As informações foram divulgadas pelo Sindicato Nacional dos Auditores Fiscais Federais Agropecuários (Anffa Sindical). O estudo foi realizado a partir de análises laboratoriais em produtos comprados por órgãos públicos. Desde a implementação da Portaria SDA nº 570 em 2022, foram coletadas 186 amostras de café no Paraná, com 168 laudos concluídos. Desses laudos, 89 amostras foram desclassificadas devido ao elevado teor de impurezas, ultrapassando em mais de 20 vezes o limite permitido.
As compras públicas geralmente envolvem produtos que circulam restritamente em ambientes institucionais, o que torna a fiscalização um verdadeiro desafio. Para lidar com essa situação, a estratégia utilizada incluiu a identificação de órgãos que recentemente adquiriram café torrado e moído, seguida pela coleta de amostras para análise laboratorial e a apreensão cautelar de marcas cujos lotes já apresentavam histórico de irregularidades.
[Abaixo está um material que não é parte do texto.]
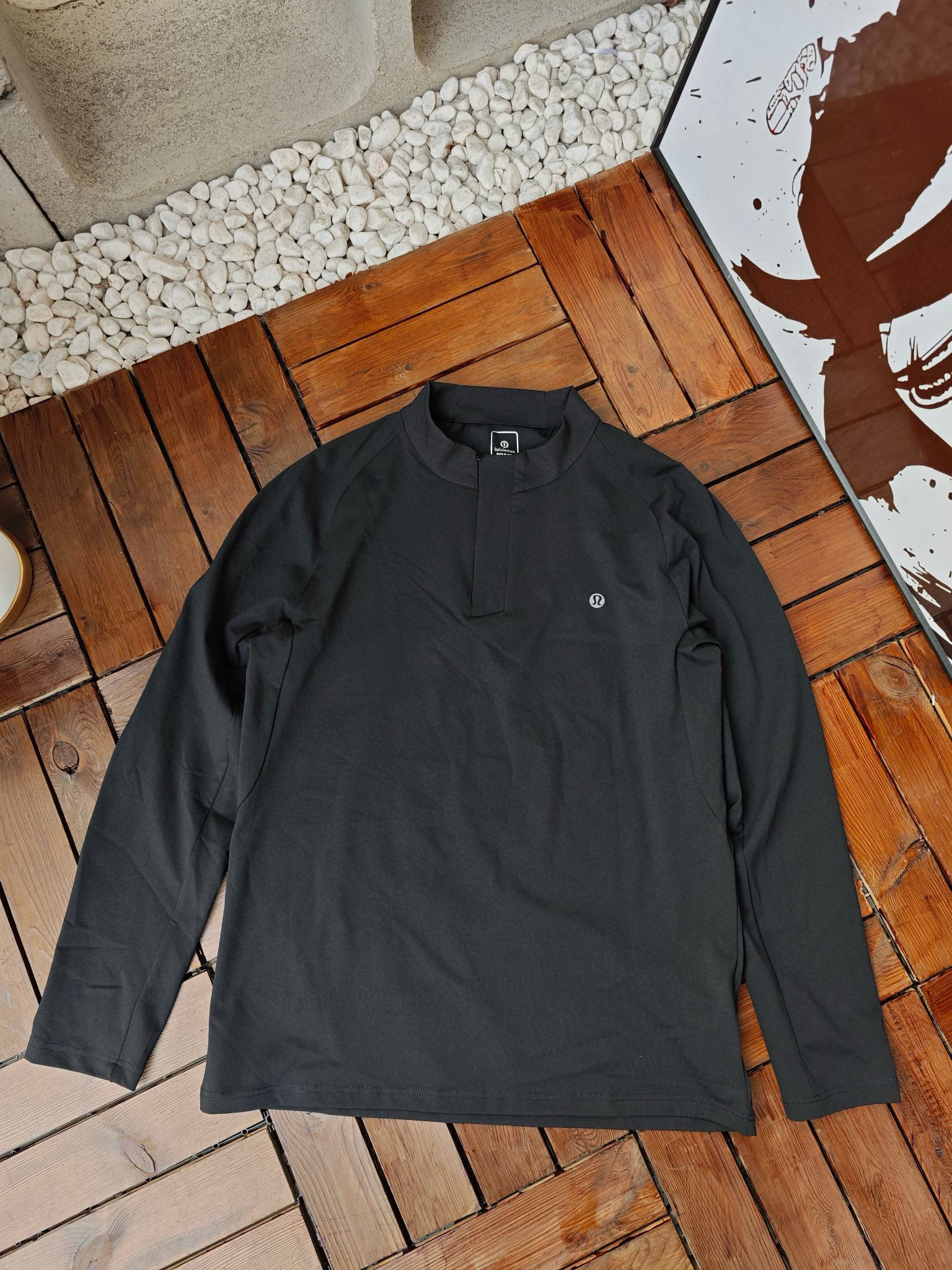 lululemon Hoodie — 267ef32d Angle 1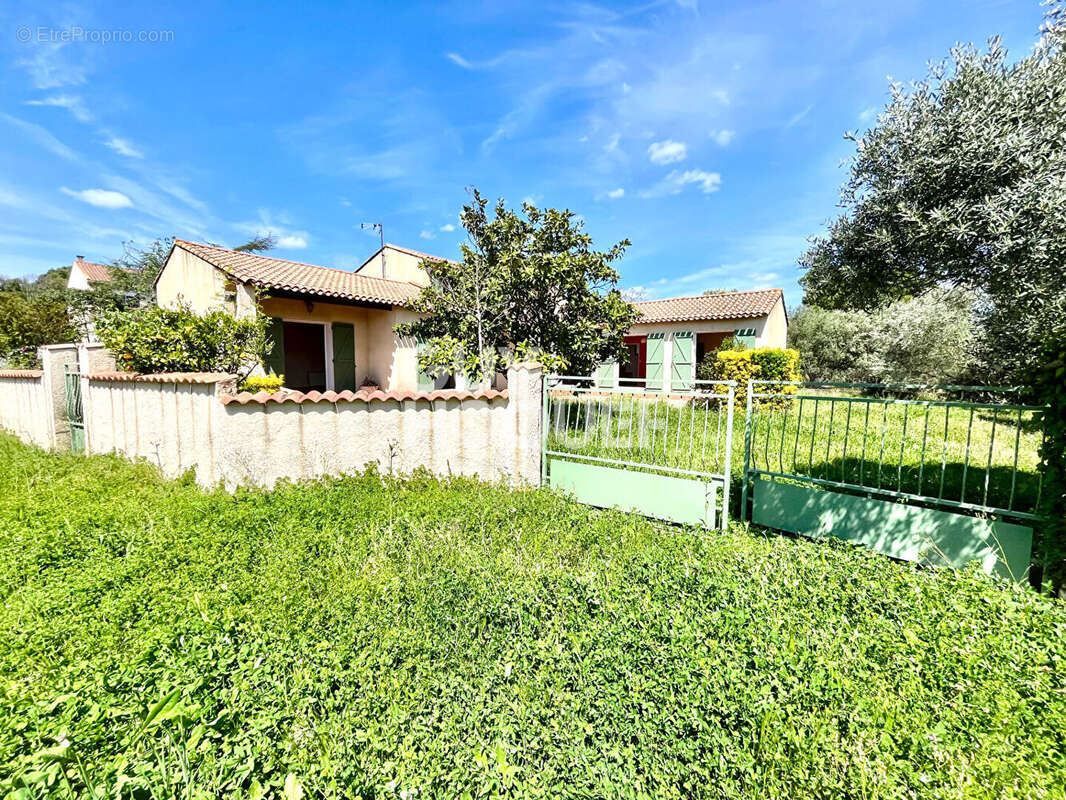 Maison à JUVIGNAC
Segundo a definição técnica, considera-se fraude quando as análises laboratoriais indicam um teor de matérias estranhas e impurezas superiores a 1%. Essas impurezas, juntamente com grãos defeituosos, podem conter contaminantes, como fungos que produzem resíduos tóxicos. Janus Pablo Macedo, presidente do Anffa Sindical, enfatizou que “a fiscalização atua para garantir que um produto consumido diariamente pela população atenda aos padrões oficiais de qualidade, protegendo a saúde do consumidor e evitando prejuízos ao uso de recursos públicos”.
Com a confirmação da fraude em laboratório, o processo de fiscalização implica na lavratura de auto de infração contra a empresa responsável. Se não houver pedidos de análise pericial, é determinado o recolhimento do lote irregular. Durante o processo administrativo, penalidades como multas e condenação do produto apreendido podem ser aplicadas.
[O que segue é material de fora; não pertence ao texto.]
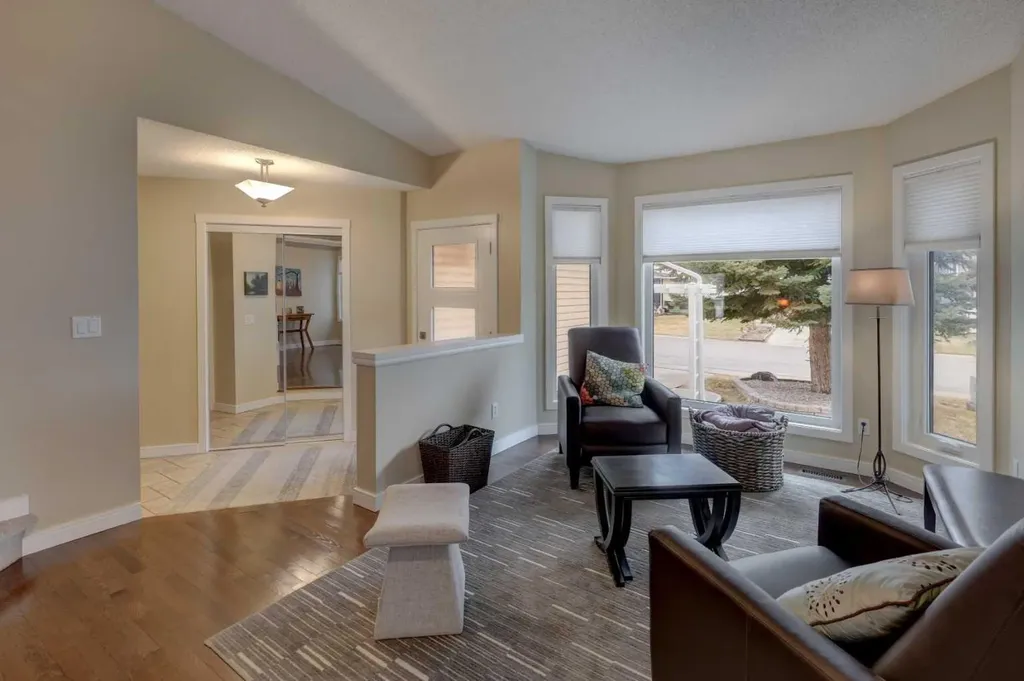 19 Riverstone Crescent SE Calgary AB T2C 4A4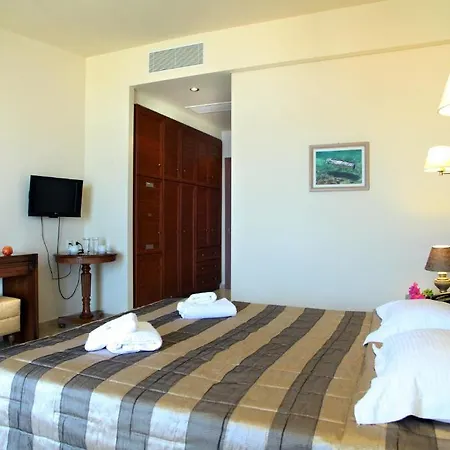 Hotel Tesoro 3*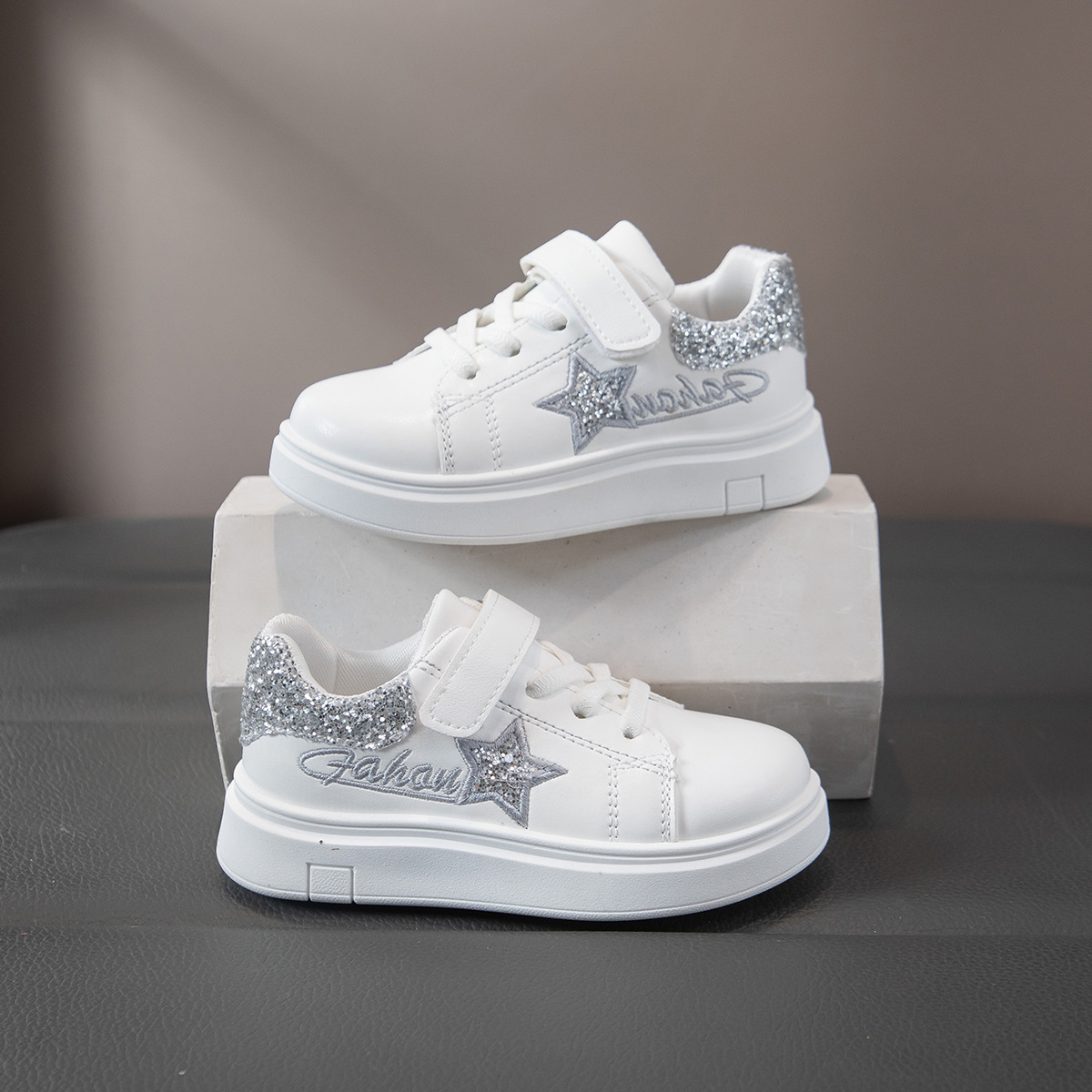 Girls Fashion Canvas Shoes Sneakers Soft Sole Comfort Casual Lightweight Sneakers For Little Kids Walking Free shipping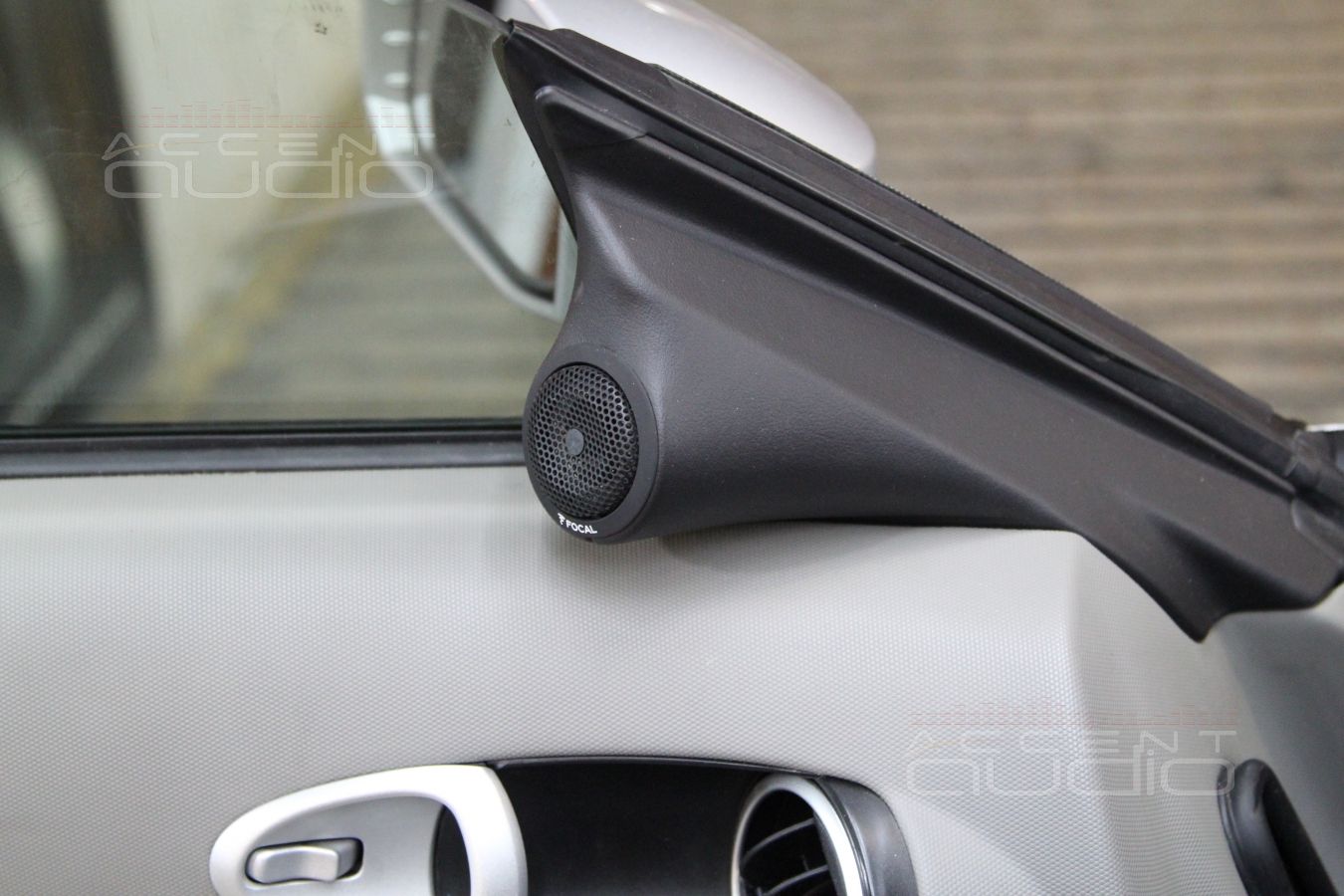 Установка акустики Focal Performance в Nissan 350Z: подиумы под твитеры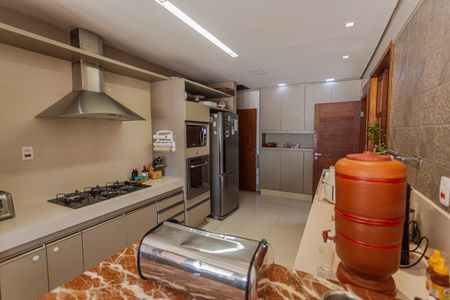 Casa à venda com 315m², 3 quartos e 3 vagas Casa à venda com 315m², 3 quartos e 3 vagasCozinha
O aumento das irregularidades em 2025 está relacionado à intensificação das ações fiscais sobre o café torrado e moído, que se intensificaram após a entrada em vigor da Portaria SDA nº 570. As fiscalizações têm mostrado práticas de produção que já existiam anteriormente, especialmente o uso de matéria-prima de baixa qualidade, com uma alta proporção de grãos defeituosos e impurezas oriundas do próprio cafeeiro, como cascas e fragmentos de galhos.
A auditoria agropecuária, além da análise do produto final, foca na verificação dos processos produtivos das empresas torrefadoras e na exigência de boas práticas de fabricação. O objetivo é assegurar que os alimentos estejam em conformidade com as normas oficiais, não apresentem riscos ao consumidor e garantam o uso adequado dos recursos públicos durante os processos de licitação.